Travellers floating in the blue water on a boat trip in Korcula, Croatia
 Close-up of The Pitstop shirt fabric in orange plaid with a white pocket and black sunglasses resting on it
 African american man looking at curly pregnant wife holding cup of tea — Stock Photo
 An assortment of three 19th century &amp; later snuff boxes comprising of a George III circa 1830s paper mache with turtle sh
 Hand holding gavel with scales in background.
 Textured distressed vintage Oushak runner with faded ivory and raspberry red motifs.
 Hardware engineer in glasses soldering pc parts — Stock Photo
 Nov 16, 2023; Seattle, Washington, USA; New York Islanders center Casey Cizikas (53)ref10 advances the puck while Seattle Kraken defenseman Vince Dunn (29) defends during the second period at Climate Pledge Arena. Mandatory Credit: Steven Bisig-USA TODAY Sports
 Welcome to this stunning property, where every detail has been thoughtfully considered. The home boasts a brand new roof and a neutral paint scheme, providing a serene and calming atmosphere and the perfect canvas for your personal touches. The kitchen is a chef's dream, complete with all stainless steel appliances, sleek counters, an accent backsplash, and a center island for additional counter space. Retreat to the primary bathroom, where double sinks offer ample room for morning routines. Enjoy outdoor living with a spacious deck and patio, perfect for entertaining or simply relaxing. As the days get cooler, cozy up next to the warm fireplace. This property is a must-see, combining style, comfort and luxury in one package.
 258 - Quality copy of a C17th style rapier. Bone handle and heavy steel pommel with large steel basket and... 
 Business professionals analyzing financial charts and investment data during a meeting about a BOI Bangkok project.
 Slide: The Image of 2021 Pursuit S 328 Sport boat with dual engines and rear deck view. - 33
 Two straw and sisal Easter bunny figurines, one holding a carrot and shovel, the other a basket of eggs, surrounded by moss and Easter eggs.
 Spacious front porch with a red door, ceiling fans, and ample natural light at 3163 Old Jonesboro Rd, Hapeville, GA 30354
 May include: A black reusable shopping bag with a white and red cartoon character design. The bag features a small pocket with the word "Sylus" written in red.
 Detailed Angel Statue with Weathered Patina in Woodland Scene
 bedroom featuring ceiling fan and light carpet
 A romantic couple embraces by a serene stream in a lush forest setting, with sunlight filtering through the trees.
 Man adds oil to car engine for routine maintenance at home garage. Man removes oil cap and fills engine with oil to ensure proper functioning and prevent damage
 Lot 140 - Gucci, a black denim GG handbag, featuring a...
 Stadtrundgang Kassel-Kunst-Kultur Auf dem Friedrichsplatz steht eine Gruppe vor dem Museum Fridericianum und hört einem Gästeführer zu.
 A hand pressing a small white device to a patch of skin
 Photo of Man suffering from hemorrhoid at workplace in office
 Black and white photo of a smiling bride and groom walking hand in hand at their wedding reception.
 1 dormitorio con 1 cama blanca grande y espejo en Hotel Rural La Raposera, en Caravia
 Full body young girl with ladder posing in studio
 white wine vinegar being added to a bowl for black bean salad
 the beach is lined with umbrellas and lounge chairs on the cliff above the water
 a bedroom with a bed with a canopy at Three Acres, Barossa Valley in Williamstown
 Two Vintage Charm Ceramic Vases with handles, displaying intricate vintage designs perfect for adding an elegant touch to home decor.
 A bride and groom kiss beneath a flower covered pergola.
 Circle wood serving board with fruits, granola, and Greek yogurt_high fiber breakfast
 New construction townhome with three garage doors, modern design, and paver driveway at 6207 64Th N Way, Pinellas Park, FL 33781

__Task to carry out__:
Retrieve each line of the data in which the word "perfect" can be found.

__Exercise output__:
 Welcome to this stunning property, where every detail has been thoughtfully considered. The home boasts a brand new roof and a neutral paint scheme, providing a serene and calming atmosphere and the perfect canvas for your personal touches. The kitchen is a chef's dream, complete with all stainless steel appliances, sleek counters, an accent backsplash, and a center island for additional counter space. Retreat to the primary bathroom, where double sinks offer ample room for morning routines. Enjoy outdoor living with a spacious deck and patio, perfect for entertaining or simply relaxing. As the days get cooler, cozy up next to the warm fireplace. This property is a must-see, combining style, comfort and luxury in one package.
 Two Vintage Charm Ceramic Vases with handles, displaying intricate vintage designs perfect for adding an elegant touch to home decor.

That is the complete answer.